Кое-где блеснули монокли и лорнеты. Публика внимательно рассматривала странных животных и неклоуна. Я чувствовал себя нехорошо. В это время, косо поглядев в мою сторону, патрон схватил меня за волосы и вытащил на середину арены.
– Теперь, – сказал он, – чтобы вы не скучали, я буду щекотать нервы. Слушайте вы, негодяи! – Тут его пальцы крепко впились мне в затылок, и я пронзительно заорал:
– Горе мне, горе!
– Да, – продолжал он, – пройдохи, плуты, лгуны, мошенники и подлецы. Облить бы вас всех керосином! Я, Пигуа де Шапоно, даю ряд великих советов. Советы – это второе отделение. Проповедь любви, жизни и смерти! Красивая и интересная жизнь может быть приобретена с помощью следующих предметов: электромотора, мясного порошка и вставных челюстей.
– Горе мне, горе!
– Что касается любви, то лучший рецепт следующий: встав рано, следует обтереться холодной водой, выпить стакан сливок с мадерой, съесть сотню петушьих гребешков, дюжину устриц, пикули, кайенский перец, запить все это стаканом гоголь-моголя, чашкой шоколада, абсентом и затем купить хорошую лодку. В эту лодку можно заманить женщину… трум-тум-тум.

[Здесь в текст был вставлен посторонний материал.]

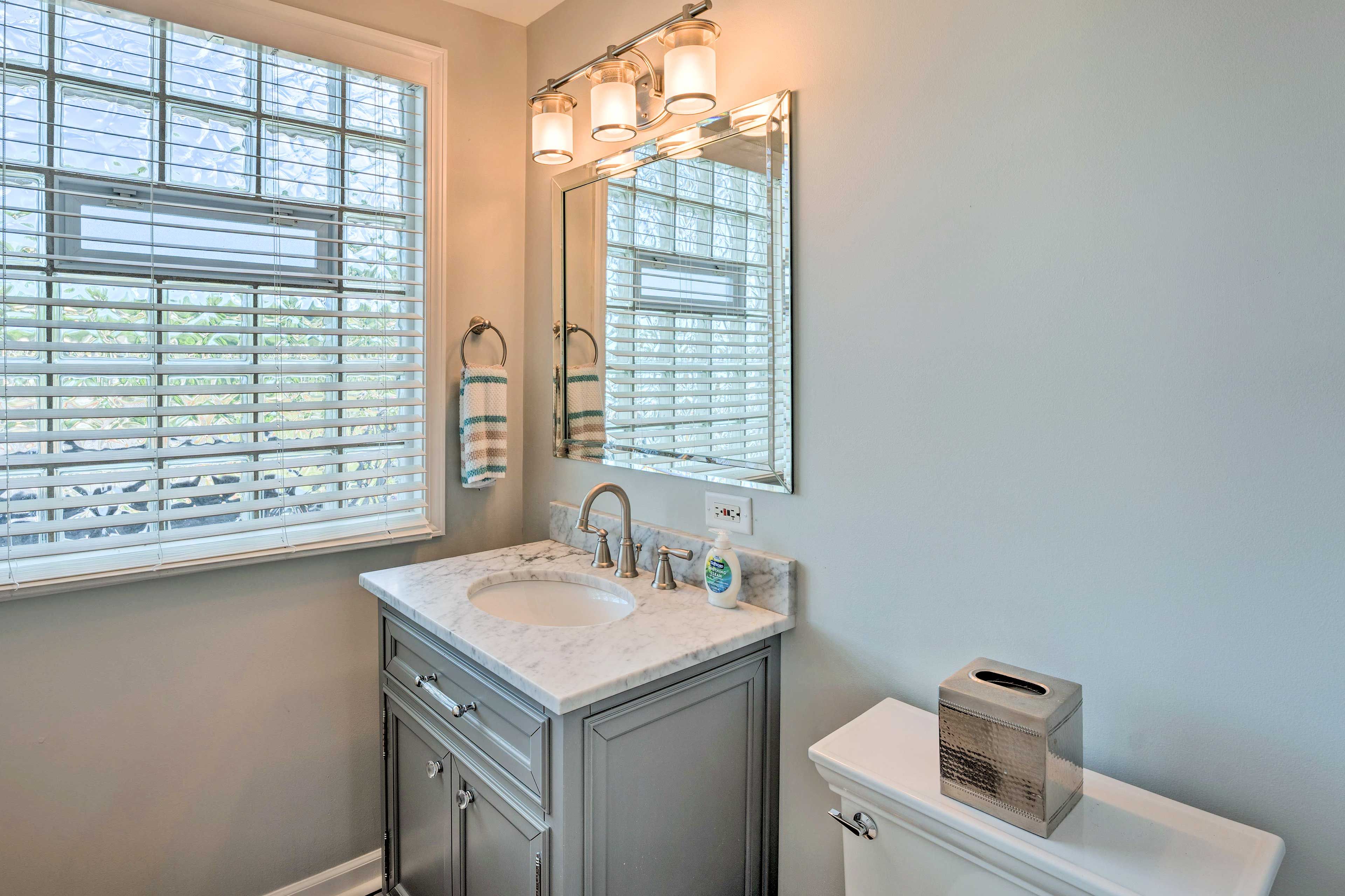 Half Bathroom | Main Level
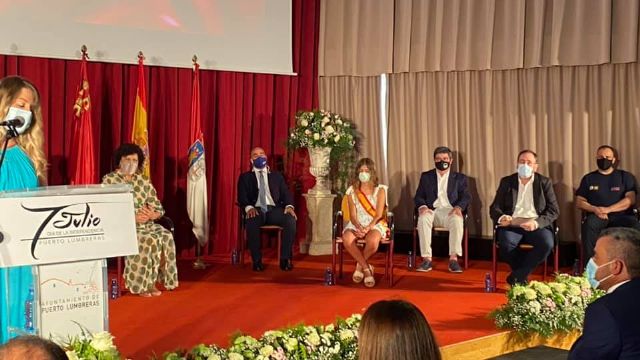 El Ayuntamiento de Puerto Lumbreras homenajeó a niños, sanitarios, empresarios, rastreadores y Banco de Alimentos en el día de la Independencia, por su contribución en la superación de la pandemia - 3, Foto 3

– Горе мне! – возопил я, хватаясь за волосы, потому что пальцы Пигуа де Шапоно почти вырывали их.
– Относительно смерти, – ораторствовал Пигуа, – посоветую вам, для приобретения бессмертия, ворваться в какой-либо музей, отбить головы у Венер, облить пивом пару знаменитых картин, да еще пару изрезать в лохмотья, и – бессмертие состряпано.
Но дома (если вы попадете домой) нужно написать мемуары, где вы признаетесь, что вы повесили кошку и проглотили живого скворца.
– Горе мне! Больно!.. – застонал я.
Публика неистовствовала. Гром одобрения заглушил мой жалобный вопль. Опасаясь, что Пигуа подаст больше советов, чем у меня на голове волос, я вырвался, сшиб с патрона цилиндр и уже осматривался, в какую сторону удирать, как вдруг раздались крики: «Пожар! Спасайтесь! Горим!», – и началось невообразимое.
Все смешалось. Люди прыгали друг через друга, дрались, падали; женщины, падая сотнями в обморок, загораживали проходы и висли обременительным грузом на руках проклинающих их в эту минуту отцов, мужей и любовников. Арена опустела. Все бросились к боковым проходам, и меня раза три сбили с ног, прежде чем я успел, шагая по головам и плечам, выскочить на наружную лестницу. Огня еще не было видно, но скоро он показался и осветил площадь мрачными отблесками. Проклиная Пигуа де Шапоно, от рук которого до сих пор щемило затылок, я отбежал в сторону от горящего здания и сел на тумбочку, рассматривая пожар.
Пулей вылетали из проходных дверей спасшиеся от огня зрители; остальные же, без сомнения, не успев обессмертить себя, скромно оканчивали жизнь внутри цирка. Мне это понравилось. В нашей бедной жизни так мало развлечений, что на пожар, обыкновенно, сбегаются целые кварталы, и, боже сохрани, чтобы я видел в толпе зрителей сочувствующее погорельцам лицо. Тупо, страшно, дико смотрит на пожар бессмысленная толпа, и я, как ее сын, мог ли смотреть иначе? Сначала я был действующим лицом, а теперь стал зрителем.
Цирк сгорел быстро, как соломенный. Сгорел. Мертвые срама не имут.